» **WORK ITEM**
Below is a set of records; reproduce them exactly without their pictures.

» **SUPPLIED RECORDS**
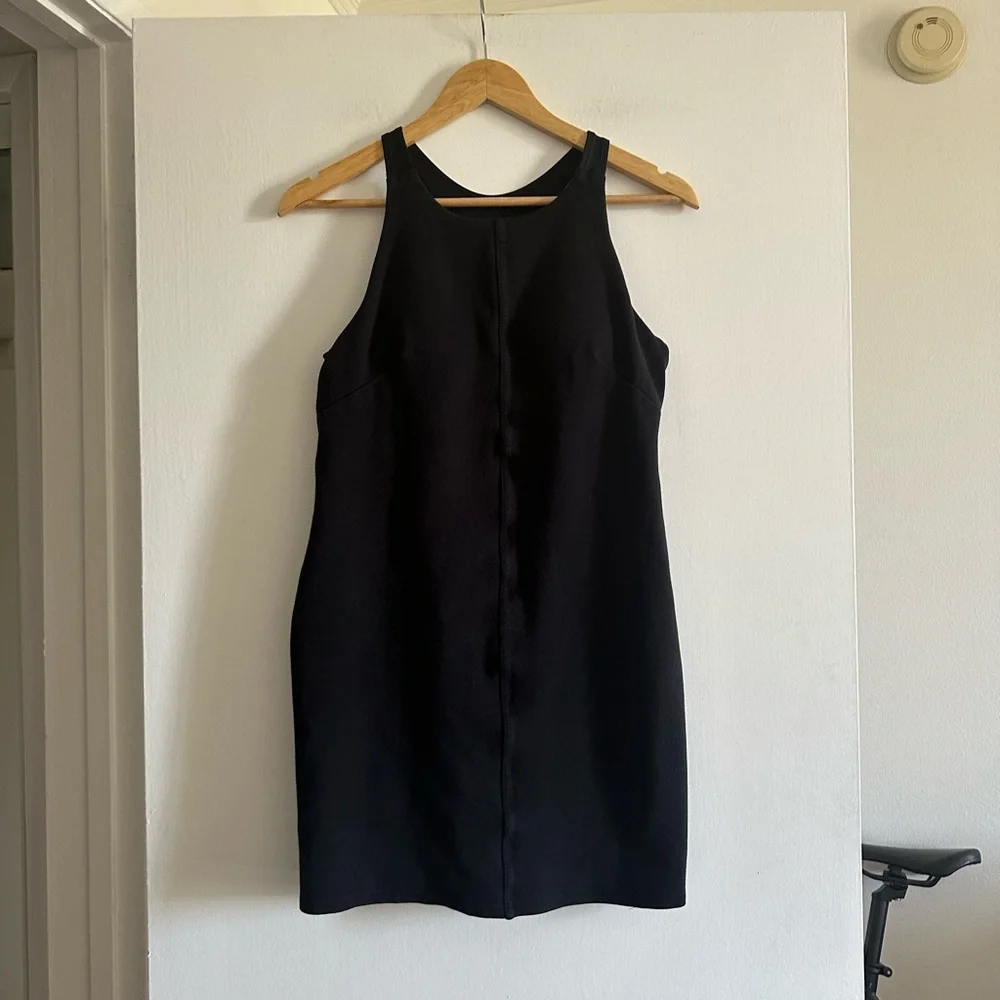 Athleta Black Whirlwind Shelf Bra Tank Dress Size Small EUC - Picture 5 of 12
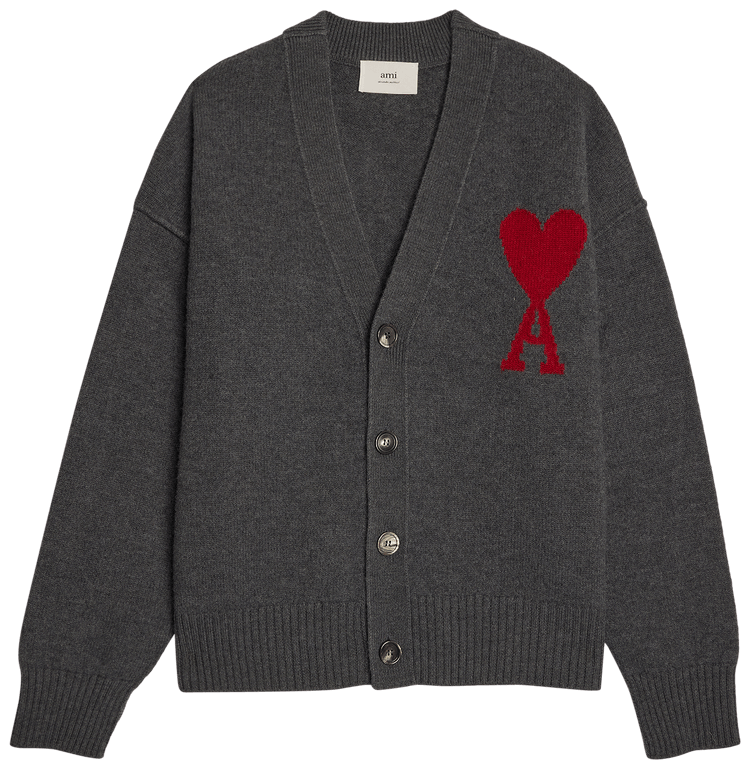 Cardigan With Contrasted AMI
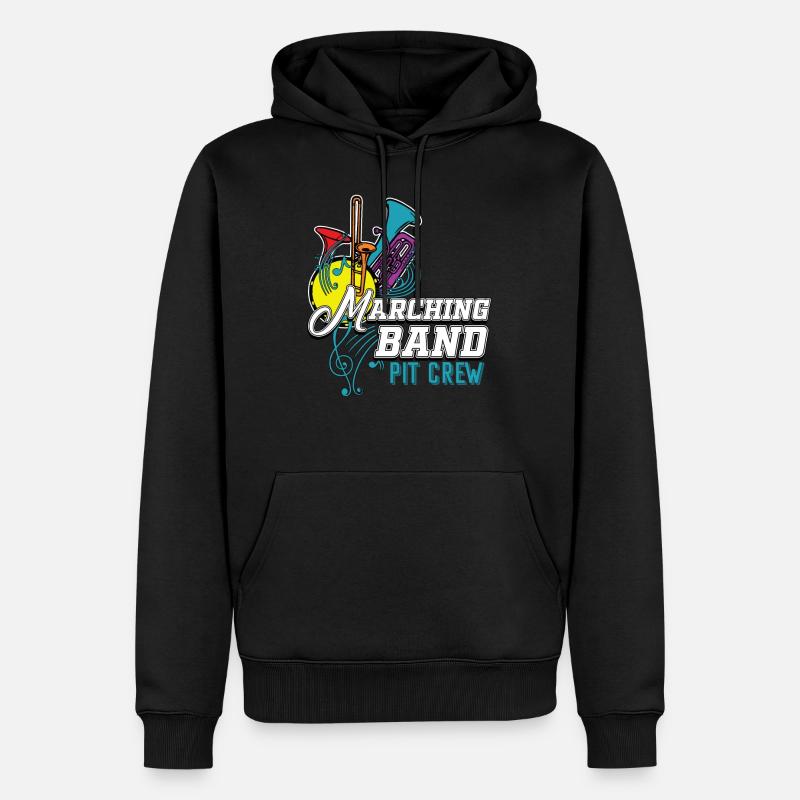 Marching Band - Männer Premium Bio Hoodie - Schwarz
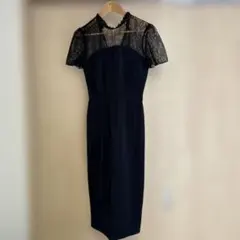 SNIDEL スナイデル　レース切替ワンピース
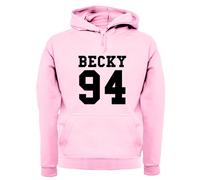 Becky 94 - Adulti Felpa/Maglione - Sing Cantante Testo Ventola Love Tour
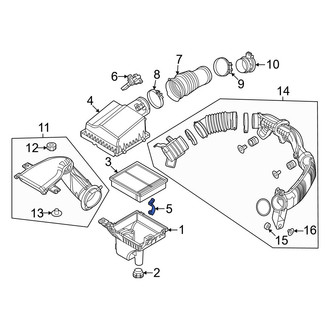 Mazda OE - Air Filter Housing Clamp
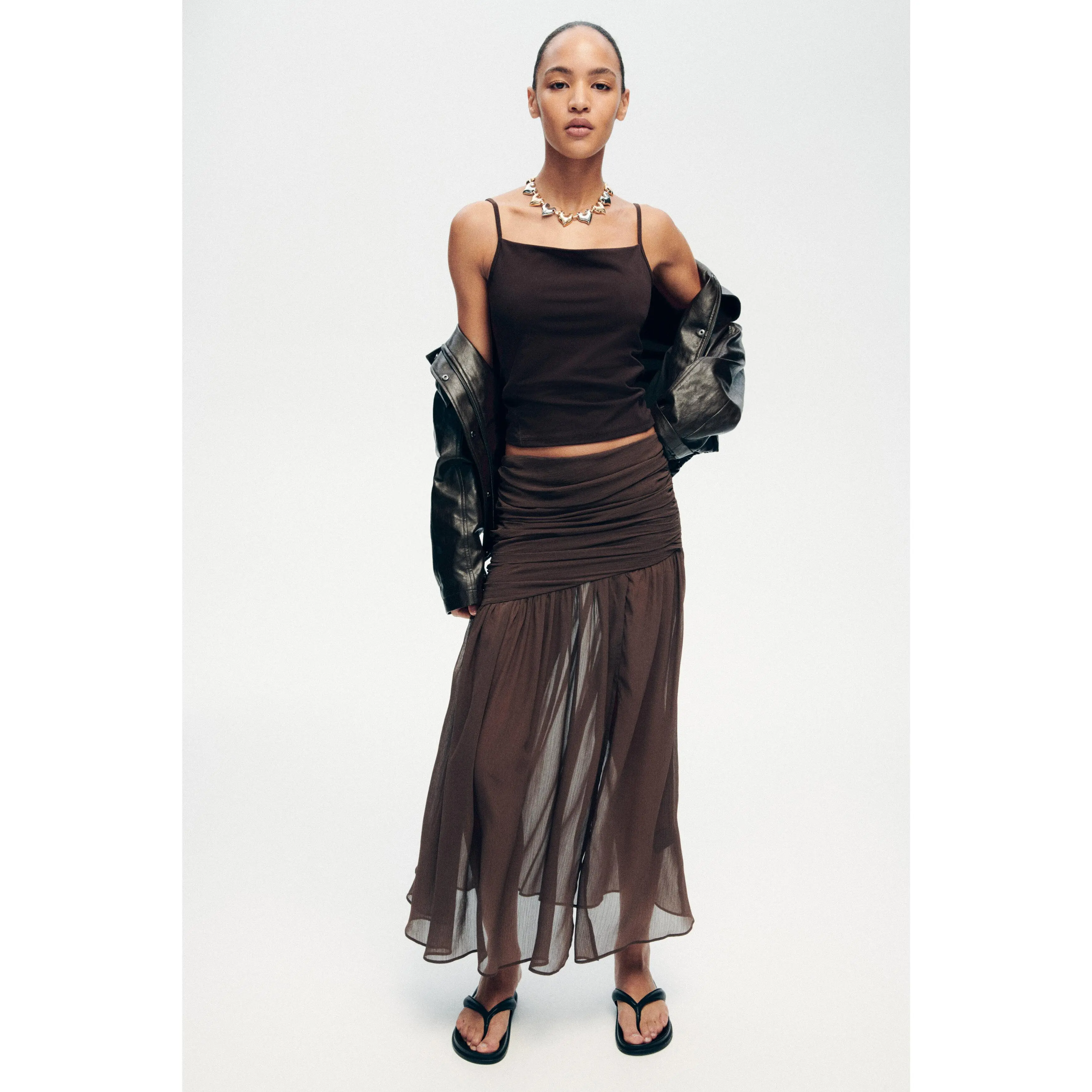 H&M Sheer maxi skirt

» **SOLUTION**
 Athleta Black Whirlwind Shelf Bra Tank Dress Size Small EUC - Picture 5 of 12
 Cardigan With Contrasted AMI
 Marching Band - Männer Premium Bio Hoodie - Schwarz
 SNIDEL スナイデル　レース切替ワンピース
 Becky 94 - Adulti Felpa/Maglione - Sing Cantante Testo Ventola Love Tour
 Mazda OE - Air Filter Housing Clamp
 H&M Sheer maxi skirt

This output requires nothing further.